Im Zusammenspiel mit Chris Pines Figur des britischen Spions, der wenig überraschend schnell Gefühle für die starke Amazone entwickelt, kommt „Wonder Woman“ anstelle einer subversiven Comicverfilmung, die zum feministischen Rundumschlag ausholt, eher einer konventionellen Geschlechterumverteilung gleich, bei der die üblichen Rollen aus Superheldenfilmen lediglich vertauscht wurden. Im Zuge des sonst so schwermütigen, düsteren Tonfalls des DCEU, der zugleich als Spiegelbild für eine pessimistische, zynische Gesellschaft diente, überzeugt Jenkins‘ Superheldin zur Abwechslung hingegen mit einer sensiblen, einfühlsamen Mentalität.

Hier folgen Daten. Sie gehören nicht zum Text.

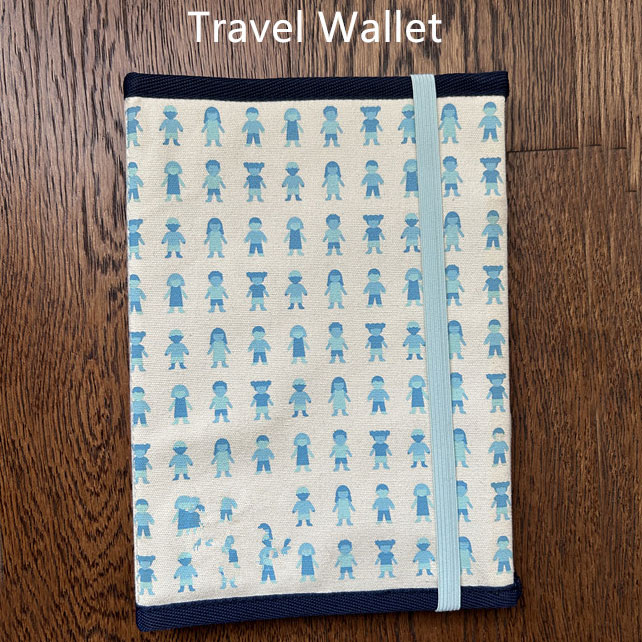 Travel wallet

Durch ihren unbedingten Willen, die Welt zum Positiven zu verändern und möglichst viele Menschen zu retten, ist Wonder Woman in Ansätzen tatsächlich ein angenehmes Gegengewicht zu den lebensmüden, abtrünnigen oder selbstzweifelnden Heldenfiguren, die das DCEU ansonsten bevölkern.
Spätestens im letzten Drittel, in dem sich die Regisseurin nicht nur romantischen Klischees hingibt, sondern auch noch einen generischen Showdown auffährt, in dem das gesamte Übel der Welt mit übermenschlicher Überlegenheit ausgemerzt werden kann und auch Pines Figur neben dem eigenmächtigen Willen der Hauptfigur noch zu tragischem, hilfsbereiten Heroismus finden darf, ist von der vielfach angepriesenen feministischen Ausrichtung sowie dem angeblich frischen Wind, den „Wonder Woman“ bringen soll, aber rein gar nichts mehr zu spüren.